Copy all lines in the material holding the string "food".

- - - - -

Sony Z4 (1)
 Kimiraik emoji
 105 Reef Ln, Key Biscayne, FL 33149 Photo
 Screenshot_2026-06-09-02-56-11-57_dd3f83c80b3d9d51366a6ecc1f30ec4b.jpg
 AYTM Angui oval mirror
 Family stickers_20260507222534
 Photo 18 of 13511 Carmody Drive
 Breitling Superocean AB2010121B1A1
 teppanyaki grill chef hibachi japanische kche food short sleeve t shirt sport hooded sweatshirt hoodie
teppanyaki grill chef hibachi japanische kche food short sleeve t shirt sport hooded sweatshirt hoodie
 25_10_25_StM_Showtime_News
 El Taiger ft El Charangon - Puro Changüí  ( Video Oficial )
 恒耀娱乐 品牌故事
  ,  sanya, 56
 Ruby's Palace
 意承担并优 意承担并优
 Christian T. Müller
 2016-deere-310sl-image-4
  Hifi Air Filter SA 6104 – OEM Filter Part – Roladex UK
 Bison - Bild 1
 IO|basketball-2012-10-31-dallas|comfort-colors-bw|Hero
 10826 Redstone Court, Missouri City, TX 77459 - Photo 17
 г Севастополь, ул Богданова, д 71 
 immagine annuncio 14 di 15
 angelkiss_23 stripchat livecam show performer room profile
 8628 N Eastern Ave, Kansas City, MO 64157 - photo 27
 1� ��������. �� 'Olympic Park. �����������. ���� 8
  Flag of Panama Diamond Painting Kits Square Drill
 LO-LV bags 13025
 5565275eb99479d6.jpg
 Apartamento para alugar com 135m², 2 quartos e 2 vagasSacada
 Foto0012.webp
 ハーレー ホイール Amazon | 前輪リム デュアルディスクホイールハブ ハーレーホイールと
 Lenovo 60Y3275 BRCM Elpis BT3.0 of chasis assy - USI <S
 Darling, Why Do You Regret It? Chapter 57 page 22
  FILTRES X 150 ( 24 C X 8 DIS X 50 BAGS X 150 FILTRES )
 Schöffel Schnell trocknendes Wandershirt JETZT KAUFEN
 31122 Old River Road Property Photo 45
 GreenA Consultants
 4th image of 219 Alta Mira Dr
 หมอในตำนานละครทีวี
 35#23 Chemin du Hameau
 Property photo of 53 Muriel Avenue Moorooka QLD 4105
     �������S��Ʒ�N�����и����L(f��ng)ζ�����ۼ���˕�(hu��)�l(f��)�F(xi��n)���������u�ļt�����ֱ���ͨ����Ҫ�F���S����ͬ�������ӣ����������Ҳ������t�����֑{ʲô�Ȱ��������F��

- - - - -

» **Answer to the problem**:
 teppanyaki grill chef hibachi japanische kche food short sleeve t shirt sport hooded sweatshirt hoodie
teppanyaki grill chef hibachi japanische kche food short sleeve t shirt sport hooded sweatshirt hoodie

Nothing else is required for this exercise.